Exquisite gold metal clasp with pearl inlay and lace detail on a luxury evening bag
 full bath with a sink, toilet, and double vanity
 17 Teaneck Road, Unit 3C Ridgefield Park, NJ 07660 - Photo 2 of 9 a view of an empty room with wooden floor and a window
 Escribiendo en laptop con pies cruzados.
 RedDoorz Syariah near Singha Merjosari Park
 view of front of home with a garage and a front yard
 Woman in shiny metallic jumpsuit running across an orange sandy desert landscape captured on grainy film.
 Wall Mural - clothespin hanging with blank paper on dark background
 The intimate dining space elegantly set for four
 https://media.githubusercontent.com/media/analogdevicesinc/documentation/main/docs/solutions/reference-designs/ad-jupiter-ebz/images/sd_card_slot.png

━━━━━━━━━━━━━━━━━━━━━━━━━━━━━━

● WORK INSTRUCTION: All lines from the one containing "Escribiendo en laptop con pies cruzados." down to the final line above are to be restated word for word; leave out the rest.

● RESPONSE TO THE EXERCISE:
 Escribiendo en laptop con pies cruzados.
 RedDoorz Syariah near Singha Merjosari Park
 view of front of home with a garage and a front yard
 Woman in shiny metallic jumpsuit running across an orange sandy desert landscape captured on grainy film.
 Wall Mural - clothespin hanging with blank paper on dark background
 The intimate dining space elegantly set for four
 https://media.githubusercontent.com/media/analogdevicesinc/documentation/main/docs/solutions/reference-designs/ad-jupiter-ebz/images/sd_card_slot.png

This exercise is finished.